LOS ANGELES (AP) — Rose Marie’s place in show business history is anchored by her performance as smart aleck comedy writer Sally on “The Dick Van Dyke Show” and a “Hollywood Squares” quipster.
That is simply criminal, as a new documentary makes clear. Before she became a TV second banana, Baby Rose Marie was a big-voiced singing phenomenon who at age 4 began conquering radio, stage and records and blossomed into a glamorous nightclub performer.
Her remarkable life is recounted with her help in “Wait for Your Laugh,” a film with the verve, charisma and inventiveness to match its subject.
“The greatest asset we have is you don’t know the story,” said director Jason Wise, who produced the film with Christina Wise, his wife. It’s qualified for Academy Award consideration and is screening in New York, Los Angeles and elsewhere to draw attention for a nomination.
Born Rose Marie Mazetta in New York City, she was the apple of Al Capone’s eye, opened the Flamingo in upstart Las Vegas for another gangster, Bugsy Siegel, and was a working wife and mom whose performance addiction and feistiness remain unabated at age 94.

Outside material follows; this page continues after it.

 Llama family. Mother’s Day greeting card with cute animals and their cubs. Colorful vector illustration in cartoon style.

“I loved to work for an audience and I loved to hold them in the palm of my hand — which I do,” a still-confident Rose Marie says in the film.
Throughout her decades-long career, she refused to be left behind as entertainment’s focus expanded to include movies and television, with the driven Rose Marie adapting her talents as required. Her last job was just a few years ago, voicing a character on the animated “The Garfield Show.”

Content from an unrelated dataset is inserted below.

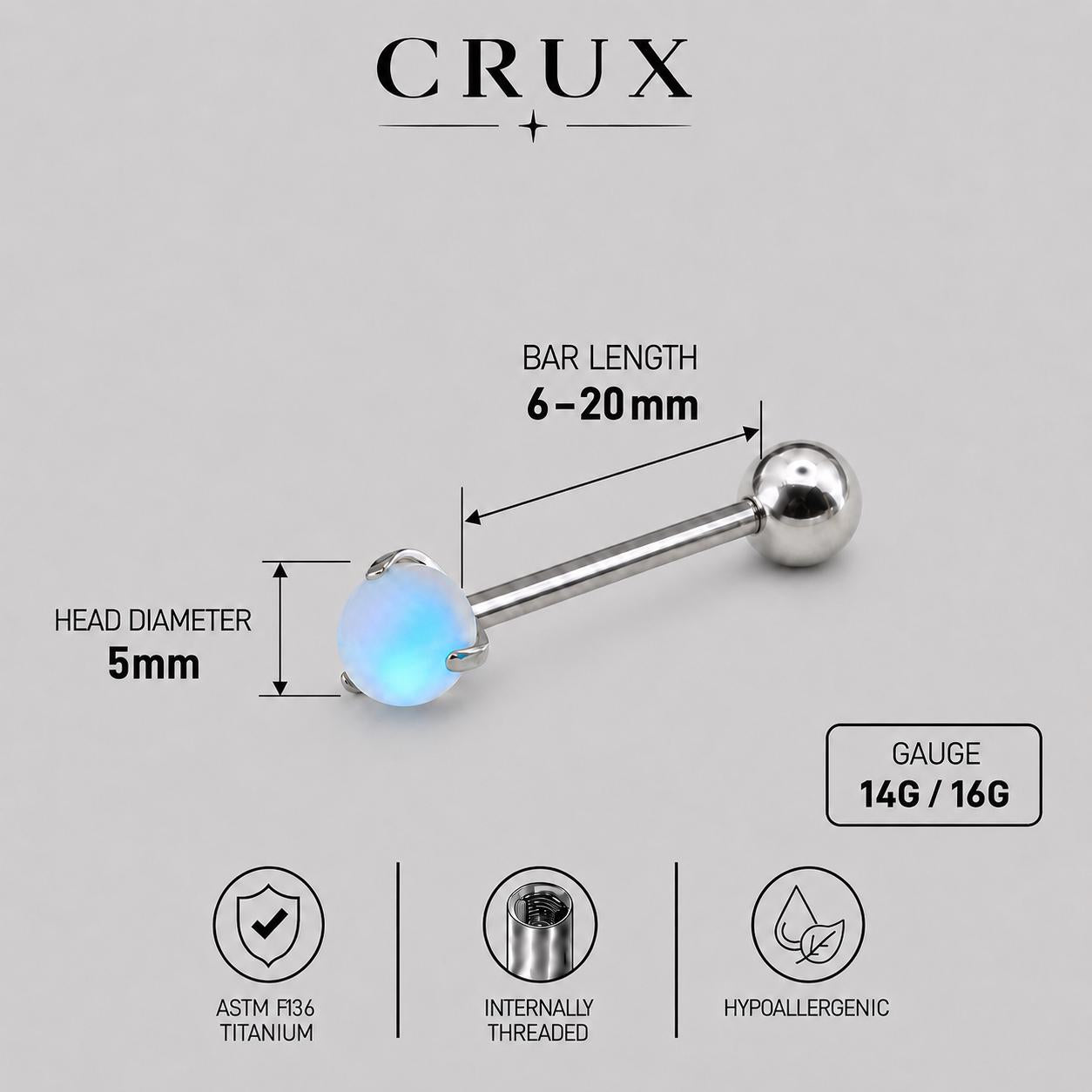 Moonlight Stone Titanium Barbell detail 7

“Wait for Your Laugh” takes a respectful but playful approach to Rose Marie’s life, deftly integrating witty re-enactments shot on film with each decade’s appropriate camera to bring her story to life.
Her memorabilia and personal footage from throughout her life proved a bonanza, said Jason Wise.
“Any time she mentions, say, a theater, there’s a telegram from Milton Berle saying ‘excited to see you'” there, Wise said, visually enriching the memory.
At a recent screening, Rose Marie held court from a wheelchair, frail but spirited in a follow-up discussion. She was joined by Van Dyke; the 1960s sitcom’s co-star and its creator, Carl Reiner, and “Hollywood Squares” host Peter Marshall.
“Carl, if you knew I had all those talents, you’d have given me a bigger part,” she pointedly teased Reiner about her supporting role on his hit show.
As he recalls in the film, Rose Marie was in the shadow of breakout star Mary Tyler Moore, a position that chafed on the spotlight-loving Rose Marie but which Reiner warned she must accept or quit.
She stayed, and Van Dyke said he was made better for working alongside her and Morey Amsterdam, Rose Marie’s longtime friend and colleague who played fellow writer Buddy.
“I learned comedy from those two,” Van Dyke said, with Rose Marie chiding him when he jumped in too quickly after delivering a punch line. “She would say, ‘Wait for your laugh.'”
She could be tough, especially when it counted. Her experience on the set of the 1954 movie “Top Banana” illustrates how tiresomely repetitive Hollywood is when it comes to sexual harassment.
“You couldn’t get it up if the flag went by,” Rose Marie recalls telling a producer who promised her more screen time in exchange for sex. She rebuffed his advances and saw her role reduced.
“She is a great role model, with everything she’s gone through and experienced,” said Christina Wise. “She didn’t have the same kind of support women have today, and it’s still a struggle.”
The chief heavy in “Wait for Your Laugh” is Rose Marie’s father, whose connections brought mobsters into her life as friendly godfathers. He saw his talented offspring as a revenue source and, according to the film, kept the money she earned — millions in today’s dollars — and tried to block her from marrying.
The film honors Rose Marie’s devotion to her big-band musician husband, Bobby Guy, whose early death is the reason a black ribbon routinely is part of her trademark bouffant hairstyle. She never remarried.
Georgiana Guy Rodrigues, the couple’s daughter, suggests in the film that Rose Marie was more focused on her career than motherhood. But she acknowledges the drive to perform that has her mom puzzling over how she could do her nightclub act sitting down.
“She’s never stopped working, ever. Ever. From the time she was a child, she has never stopped,” Rodrigues says.